Vrysi, east of Girne en route from Çatalköy toward Tatlısu, is located inside the Acapulco Holiday Village, one of the island’s touristic facilities, on a hill by the shore with a commanding view of the sea. It is one of the first Neolithic-era settlements.


Buffavento Castle, part of a chain of castles along the Beşparmak (Pentadaktylos) Mountains with St. Hilarion and Kantara Castle, was built during the Byzantine era as a watchtower to defend and warn the island against Arab attacks. Situated on the ridge of Çatalköy east of Girne, the castle was given the name Buffavento-”defier of the winds”-by virtue of its location on the steepest, windiest peak in Cyprus, at an elevation of 950 meters above sea level. Although the exact date the castle was built is unknown, its first historical mention was recorded during the time of Richard the Lionhearted. Compared to other castles in Cyprus, it is the hardest to reach on account of its location. The castle was used as a prison from 1382 to 1389, when it was known as the “Lion’s Chateau.” The Venetians seized the castle in 1489. During their rule, Buffavento Castle lost its previous importance as seaside castles gained more significance in the defense of the island.


Girne, one of the most enigmatic cities in the Mediterranean, is famous for its yacht harbor, beautiful beaches, holiday resorts, casinos, and other entertainment establishments. The old Venetian houses, shops, restaurants, bars, and entertainment establishments surrounding the marina in a horseshoe shape present a picturesque appearance. Fishing boats and yachts flock to the exquisitely beautiful marina in the summer.


This two-story 18th-century house by the historic Port of Girne is in use today as a Folk Art Museum. Agricultural instruments such as looms, olive oil presses, jugs, trouncers, plows, shuttles, and wooden threshers are exhibited on the first floor.
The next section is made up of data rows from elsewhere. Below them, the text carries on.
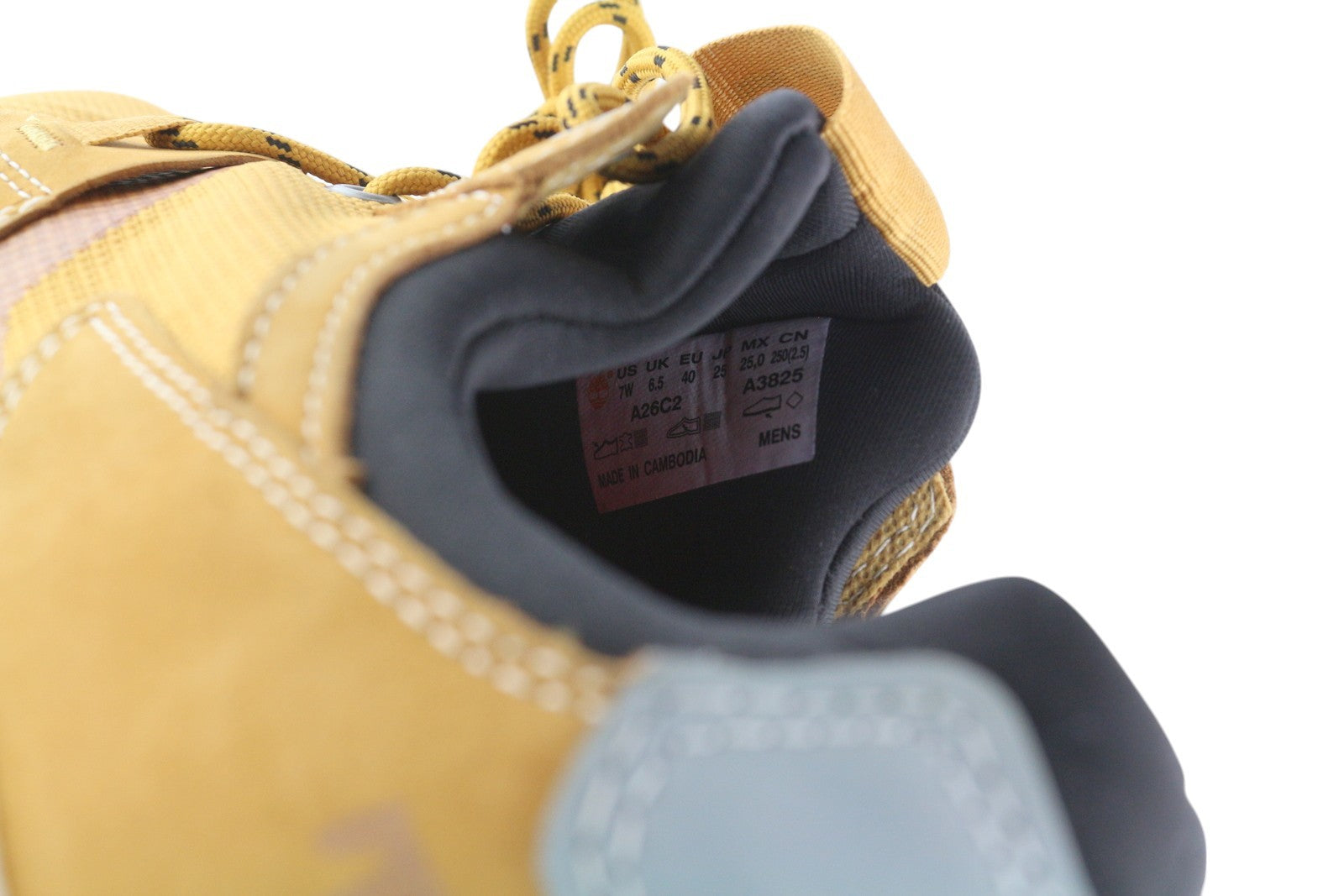 TIMBERLAND A26C2 Men Sneakers EU40/41 Brown Leather Defender System Grip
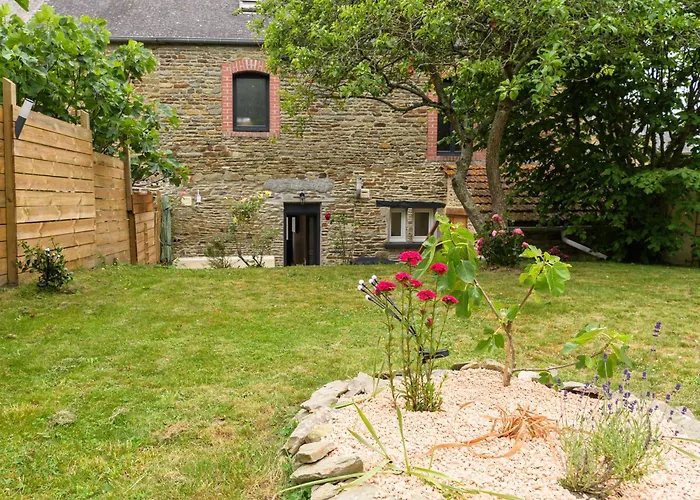 L'ecume Avec Balneo 10 Minutes Mt St Michel Ferienhaus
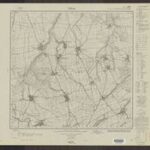 Topographische Karte 1:25.000 (4416) Effeln  [XI1944, Meßtischblatt]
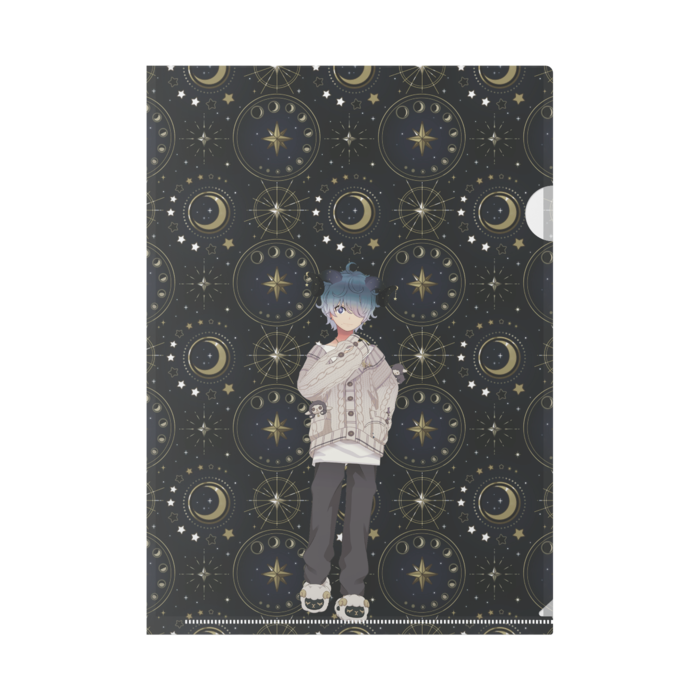 クリアファイル - A4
The monastery was built on the remains of a sixth-century early period Christian basilica. Additions were made to it at various times, and it bears the features of early Christian, Byzantine, and Lusignan architecture. The primary worship structure was built in the 11th century. As the region’s religious center, the monastery was used as the headquarters of the Lambousa Diocese-one of the island’s 15 dioceses-until 1222. The monastery fell into disuse early in the 20th century once no monks were left in it. Since 1960, the area in which the monastery is located has been used as a military zone.


One could hardly fail to sense the history that has passed within the walls of the castles in Girne. Climb up to the bastions of St. Hilarion Castle on the northern foothills of the Beşparmak Mountains for an incredible bird’s-eye view of Girne. St. Hilarion Castle is located ten kilometers from Girne. The road leading up to it is rough and unreliable; however, the castle can be reached by way of a 480-step stairway up 700 meters. The enchanting view here will be worth the effort.


This Late Bronze Age sacred area is located near Çamlıbel en route from Girne to Güzelyurt. A courtyard surrounded by rooms and the remains of a well were found in excavation work carried out in the center. The most important finding is a square-shaped altar with four pyramidal steps and a hornlike base at the top.


The craggy area known as Kirsokava (Chrysokava) is a point jutting out to the sea one kilometer east of Girne Castle. The area was used as a gravesite during the Roman era. Later, it was used as a quarry to serve the construction of Girne Castle and the port.